You have spent most of your online life on IMs like Facebook Messenger, WhatsApp, Telegram or Discord? Sending countless meaningless chit chat, small talk, gossip talk that you forget the next week? I did and you are not alone. Group chats and IMs are uncool, being chronically online is not cool either, and finally being cool is uncool. Being offline is hip now.
When using IM there is a self imposed requirement to wait, reply, wait and reply. None of it is async that we were once promised. It might be async, but in reality it is not. It's completely sync communication just with some extra unnecesary idle times. You don't need that for your personal life communication. Just make a call.
Messaging is time consuming. But there is a silver bullet -- emails. You check your emails once or twice a day and that's ok. Nobody expects you to response in a few seconds. You can take your time and respond when you will gather resources or find an answer. It's almost fully async medium close to regular retro paper letters (which I wonder if they will make a comeback soon).
In professional environment there might be a case when you exchange emails back and forth, one after another in short interval. In such case the discussion can be very time consuming. You firstly spend time to craft your message and then wait for other side to respond. But this scenario is rare in my opinion. On the other hand it is very common have a sync conversation on IMs apps. How many times you were staring blankly at a "Hi" message from your colleague, expecting him to follow with some more info. All that you see is ellipsis "..." while waiting, wasting time on idle staring at the screen. You might be the one who comply to "no hello" policy but don't expect that others will do the same.
Writing emails has some traction to it. An author must create a thought that he wants to transmit trough an email. Composing and sending an email is harder than just writing a "Hi" message into a chat window and clicking "Enter".
Of course there is no way people will start using emails again when they have an option to quickly send a short "Hi" message on MS Teams so this entire rant is meaningless. Actually, the IMs in work environment is an upgrade. You have an option to treat them async. The problem is you. Why you react the way you do when receiving a "Hi" message? You could just ignore it and do your work. But this "Hello" message leaves an itch on back of your brain. You anticipate the followup messages, it's eating you from an inside. Finally you fold and reply with "Hi".
Email client filled with spam
What about personal life? I remember the times of SMS messaging. It was used to send short messages, e.g. confirming a meetup, sending an address or some other small information. Maybe it was used by some like internet chat with hundreds of messages a day. But for general public there were two limitations: 1) slow typing on T9 keyboards, and 2) price of single SMS. You hardly ever spend an hour discussion on something over SMS because of inconveniance. Today I can easily spend an hour discussion something unimportant on a group chat or in DMs. It's just too easy.
But to make it clear. Messaging is superior to making a call. You have complete history of what you and the other person said, it's quick to search, you can send media. It's not strange that IMs are more popular now than calls.
There are tradeoffs. You have notifications overload now. IMs tends to produce tons of notifications. It's frustrating to receive multiple notifications in span of a minute because
somebody use
to write
messages
like that.
Why on hell Android is not using any kind of throttling to limit notifications received?
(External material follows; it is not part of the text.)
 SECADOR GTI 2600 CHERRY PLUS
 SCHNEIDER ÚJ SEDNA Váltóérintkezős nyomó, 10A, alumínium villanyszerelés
Do I really need to hear the same sound and vibration every 2 seconds because some person (actually I have a habit of writing this way) sends a two words message instead of building bigger paragraph and then clicking the "Send" button only after entire thought is captured by text? At least give me an option to rate limit number of notifications I get.
See the simple idea for limiting (throttling) notifications:
Dear phone, Please do not constantly bombard me with sound notifications. One per hour is sufficient. I remember that I heard you; I just do not care right now.
Why do we want to send the information as quickly as possible? The receiver probably will be happier if he gets entire thought or story at once instead of waiting. On the other hand this waiting is part of the story. Like waiting for a final episode of TV show you're watching. It's different if there's no waiting. Without anticipation the story is not the same. It's like reading 200+ messages of group chat next day. It's not the same as you weren't there. Also if you write a long paragraph for 4 minutes you might lose the person on the other side. That's why you might "write" "messages" "this way" and split it into smaller chunks.
Emails do not work that way. You will write entire message and receiver will get it as a whole. Everyone is on the same ground. There will be no stream of consciousness, no anticipation, no staring at the "..." symbol, no fear of loosing your audience. You send a message and close the email client.